La musique instrumentale de Bernardo Pasquini (1637-1710)

Bernardo Pasquini

« Il est mort au faîte de la gloire, dans l'amitié des rois et des princes, sa réputation de virtuose et de pédagogue étendue bien au-delà de l'Italie ; mais son nom parle au musicologue, et guère au mélomane ordinaire, qui peut citer de lui, au mieux, certaine toccata sur le cri du coucou… Voilà d'ailleurs un indice, car s'il revient à la mode, il le devra à ses pièces pour clavecin. Cet amoureux de Palestrina, dont les opéras, oratorios et cantates dérogent rarement aux conventions de l'époque, est d'abord un inventeur, un trouveur instrumental, le plus considérable, en Italie, entre Frescobaldi et Scarlatti. Avec lui, le clavecin se sépare de l'orgue, acquiert sa voix propre et ses prestiges, sert à des mélodies charmeuses, à des rythmes vifs ;  avec lui aussi commence à triompher l'homophonie sur la polyphonie, la verticalité sur l'horizontalité ; le chant domine, l'accord est pesé à sa valeur. Pasquini ne souscrit pas aux durezze de son grand devancier, et parle un langage moins modal que tonal. En un mot, c'est un moderne, résolument gagné à la clarté, à la fluidité, — à l'efficacité. »1

On ne saurait mieux situer un musicien qui, en tant qu'organiste et claveciniste, eut assez de talent pour se faire une immense réputation dans un pays où les genres vocaux et violonistiques tenaient le haut du pavé, une réputation telle qu'elle lui valut aussi de se produire à la cour de France devant Louis xiv et à la cour d'Autriche devant Léopold 1er. Mais c'est dans la Rome pontificale qu'il officia durablement au plus haut niveau comme instrumentiste et comme maître des concerts du prince Borghese, se produisant fréquemment au côté de son ami Corelli.

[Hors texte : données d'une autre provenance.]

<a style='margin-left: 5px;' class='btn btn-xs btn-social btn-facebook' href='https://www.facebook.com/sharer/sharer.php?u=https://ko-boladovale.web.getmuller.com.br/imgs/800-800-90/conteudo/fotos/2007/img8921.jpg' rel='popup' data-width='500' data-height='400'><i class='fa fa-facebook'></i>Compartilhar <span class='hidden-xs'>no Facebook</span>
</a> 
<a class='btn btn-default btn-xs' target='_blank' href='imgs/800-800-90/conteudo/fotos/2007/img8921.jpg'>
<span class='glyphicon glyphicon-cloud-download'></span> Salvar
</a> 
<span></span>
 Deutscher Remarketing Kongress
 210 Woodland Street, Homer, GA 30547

Certes, et contrairement à ce dernier, il n'eut pas le privilège d'être enterré au Panthéon. Il ne demeura pas non plus au même point un objet de culte pour les diverses générations suivantes. Ce relatif oubli, on ne sait trop s'il faut surtout l'attribuer à sa spécialité de compositeur pour clavier, moins en vogue que d'autres en Italie et fortement « concurrencée » sur d'autres terres, ou au fait que ses pièces instrumentales restèrent manuscrites jusqu'à une époque très récente, ce qui ne pouvait favoriser leur diffusion. Sans doute faut-il aussi observer qu'à la différence de Corelli, Pasquini a beaucoup écrit, y compris et surtout pour la voix, de sorte qu'on ne pouvait décemment attendre de lui qu'il prodigue à ses œuvres instrumentales —  fortes de près de 150 numéros— des soins aussi intenses que ceux accordés par son ami violoniste à sa propre production.

L'œuvre pour clavier

L'essentiel de ce répertoire s'adresse au clavecin, « et ce n'est pas un mince paradoxe — dans la Rome pontificale de la fin du xviie siècle  — que la majorité des œuvres du plus grand organiste du temps ne s'adressent ni aux offices, ni à l'instrument d'église… D'évidence, le disciple du fantasque Cesti, le compagnon d'armes de Corelli a préféré fourbir ses armes dans les salons et se servir du clavecin pour conquérir à la pointe de ses dix doigts l'admiration de l'élite. »2

On trouvera bien dans ce corpus aussi vaste que varié quelques pièces destinées plutôt à l'orgue, telle l'imposante Toccata en ré mineur ou l'impressionnant et très savant Ricercare con fuga in più modi, voire quelques autres pièces contrapuntiques ou encore une certaine Pastorale en sol pour le temps de la Nativité.

Bernardo Pasquini, Pastorale, par Rinaldo Alessandrini.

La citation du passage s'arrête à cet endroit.